Votre dernier livre, «L'Enfant des vagues», raconte l'histoire d'une petite fille blanche recueillie par une famille padaung après le tsunami en Thaïlande. La dramaturgie s'articule sur le fait de savoir si la fillette, surnommée «Cheveux d'or», retrouvera à sa sortie de l'enfance la mémoire et ses vraies racines. Pourquoi dans vos livres est-il souvent question d'aventures d'enfants ?

Nous avons tous été enfants et nous restons au fond de nous de grands enfants, ce thème m'inspire beaucoup.
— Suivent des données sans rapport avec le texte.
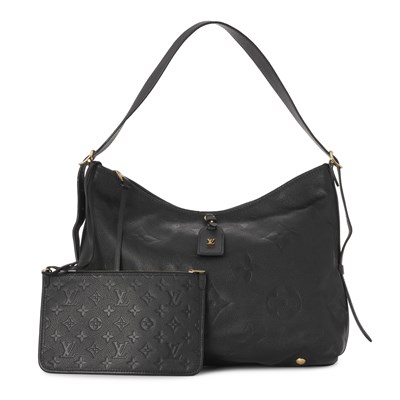 Lot 442 - Louis Vuitton, a monogram empreinte Carryall MM handbag.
Avec mon mari et notre fille de 2 ans, nous étions en Thaïlande lors du tsunami et nous avons rencontré beaucoup de familles. Une jeune maman de mon âge a vu une vague emporter son mari et leur petite fille. Quand je suis revenue de ce voyage, j'ai longtemps pensé à cette petite fille, qui aurait pu être la mienne, et je me demandais souvent : aurais-je perdu tout espoir de la retrouver ? Aurais-je continué à la chercher comme l'a fait Adriana, la maman de cette enfant disparue ? Cela m'a hantée à tel point que je me suis mise à écrire «L'Enfant des vagues».
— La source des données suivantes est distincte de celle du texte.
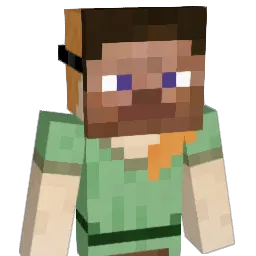 rickepicke Minecraft avatar bust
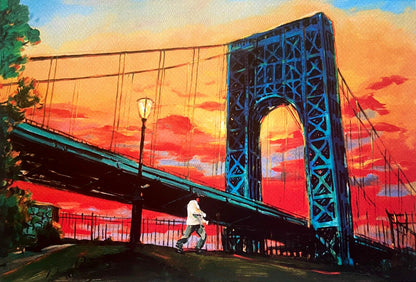 Bob Dylan Lithograph Coa Signed Op Numbered By Hand Modern Art Museum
Durant le tsunami, vous avez eu beaucoup de chance…

Nous aurions dû être au cœur du drame, mais le destin en a décidé autrement. L'hôtelier qui nous hébergeait nous a appris, juste avant le tsunami, que d'autres touristes prenaient notre location sous prétexte qu'ils payaient plus cher que nous. Sur le moment, j'ai été très choquée ; toutefois, aujourd'hui, je l'en remercie. Sans le savoir, il nous a sauvé la vie.

La Dépêche du Midi




Djalla-Maria Longa se lance dans l'édition

Publié le 11/12/2014 La Dépêche du Midi

Djalla-Maria Longa est un auteur connu et reconnu de la région, depuis «Mon enfance sauvage», le récit de ses jeunes années dans les montagnes du Massatois, en autarcie, loin de tout confort, jusqu'à «L'Enfant des vagues», son dernier roman, paru le 6 octobre. Nous avions d'ailleurs rencontré Djalla-Maria pour parler de son nouveau livre (cf. «La Dépêche» du 3 octobre). Et à cette occasion, elle nous confiait avoir un nouveau projet : créer sa propre maison d'édition. Un projet devenu réalité, les éditions Roc du Ker sont nées. La maison d'édition se divise en deux départements : l'édition à compte d'éditeur et la prestation d'édition pour les auteurs qui souhaitent rester indépendants mais qui ont besoin de soutien. Une structure originale que Djalla-Maria Longa nous explique : «Lorsque j'ai décidé de faire paraître mon roman «La Rebelle du désert» à compte d'auteur, je me suis rendu compte que, comme moi, beaucoup d'auteurs publiaient leurs propres ouvrages. J'ai eu cette expérience-là mais j'ai aussi des livres qui sont publiés aux éditions Glénat ; j'ai donc décidé de créer un projet qui réponde à ces deux conceptions de l'édition». Un projet dont Djalla-Maria Longa est, bien sûr, le pilier, avec autour d'elle une équipe composée de son mari pour la partie informatique, d'un graphiste, d'une illustratrice et de correcteurs ; une petite structure pour répondre aux besoins en priorité des auteurs de notre territoire mais aussi d'ailleurs. «Avec Internet, on sait tous qu'on peut travailler à distance. Mon vœu intérieur, c'est d'aider les jeunes auteurs à publier car je sais que ce n'est pas facile.» Une nouvelle mission pour Djalla-Maria et prochainement, on le souhaite, plein de beaux ouvrages édités depuis Massat, des récits «terroir», des romans (autour des Pyrénées ou des voyages), des fantaisies et des livres pour enfants, les spécialités de la jeune maison d'édition.